In this post, I'll automate the process of adding malicious IP addresses classified by the following third-party service https://proxycheck.io to AWS WAF.
AWS has already built-in managed lists you can leverage to protect your resources against malicious IP addresses used for Recon, DoS, or with a general bad reputation.
- AWSManagedIPReputationList
- AWSManagedReconnaissanceList
- AWSManagedIPDDoSList
But we're building our own list based on web server access logs, specifically Cloudfront.
Prerequisites
- An API key obtained from https://proxycheck.io/ ( they have a generous free plan )
- You need the necessary IAM permissions to deploy an AWS SAM application and create the needed underlying resources.
- An Elasticache Valkey cluster for caching our API call results from ProxyCheck for quota efficiency.
- A telegram bot created so you can receive notifications about WAF updates
- A SAM app initialized with AWS SAM CLI
Walkthrough
We will create a new AWS SAM template file and include the following block of YAML definition to define:
- A Lambda function running our Python script that interacts with ProxyCheck API, stores results in Elasticache Valkey along with the risk score associated with the scanned IP address, and updates the AWS WAF IP set accordingly.
- An EventBridge Rule that will act as an event listener to trigger the lambda function whenever a new CSV file is written to our S3 bucket that contains our exported list of IP addresses.
- The necessary IAM permissions attached to the lambda function to read files from S3 and update the WAF IP Set.
AWSTemplateFormatVersion: '2010-09-09'
Transform: AWS::Serverless-2016-10-31
Description: >
ProxyCheck WAF automation
ProxyCheck WAF automation Lambda Function that reads IPs from S3, checks risk scores using ProxyCheck.io,
and updates AWS WAF IP sets with high-risk IPs.
# More info about Globals: https://github.com/awslabs/serverless-application-model/blob/master/docs/globals.rst
Globals:
Function:
Timeout: 900 # 15 minutes
MemorySize: 512
LoggingConfig:
LogFormat: JSON
Resources:
ProxyCheckWAFAutomation:
Type: AWS::Serverless::Function
Properties:
FunctionName: "ProxyCheckWAFAutomation"
CodeUri: proxy_check_waf_automation/
Handler: app.lambda_handler
Runtime: python3.13
Architectures:
- x86_64
Timeout: 900 # 15 minutes
MemorySize: 512
Environment:
Variables:
S3_BUCKET_NAME: "proxycheck-waf-automation"
PROXYCHECK_API_KEY: "xxxx-xxxxx-xxxxx-xxxxx"
TELEGRAM_BOT_TOKEN: "YOUR_TG_BOT_TOKEN"
TELEGRAM_CHAT_ID: "-xxxxx"
REDIS_URL: "redis://username:password@hostname/db_name"
Events:
Trigger:
Type: EventBridgeRule
Properties:
Pattern:
source:
- "aws.s3"
detail-type:
- "Object Created"
- "Object Updated"
detail:
bucket:
name:
- "proxycheck-waf-automation"
Policies:
- S3ReadPolicy:
BucketName: "proxycheck-waf-automation/*"
- Statement:
- Effect: Allow
Action:
- wafv2:GetIPSet
- wafv2:UpdateIPSet
Resource: "*"
You need to update the environment variables values to match your S3 bucket name, proxycheck.io API key and telegram bot token and chat ID. Please use AWS Systems Manager Parameter store to store your secrets.
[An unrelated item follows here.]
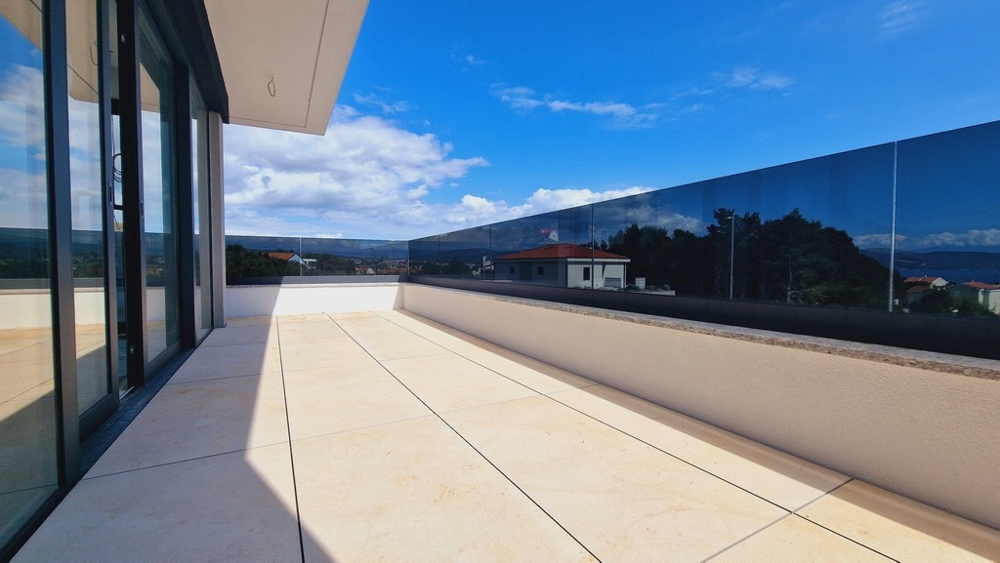 Stor terrass till lägenhet A3419, som är till salu på ön Krk.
The above template is for demo purposes only.
Below is the code needed in your Python script:
import json
import csv
import os
import io
import logging
from typing import List, Set, Optional
import boto3
import requests
import proxycheck
import botocore.exceptions
import sys
import redis
import time
# Set up logging
logger = logging.getLogger()
logger.setLevel(logging.INFO)
# Initialize AWS clients
s3_client = boto3.client('s3')
wafv2_client = boto3.client('wafv2', region_name='us-east-1')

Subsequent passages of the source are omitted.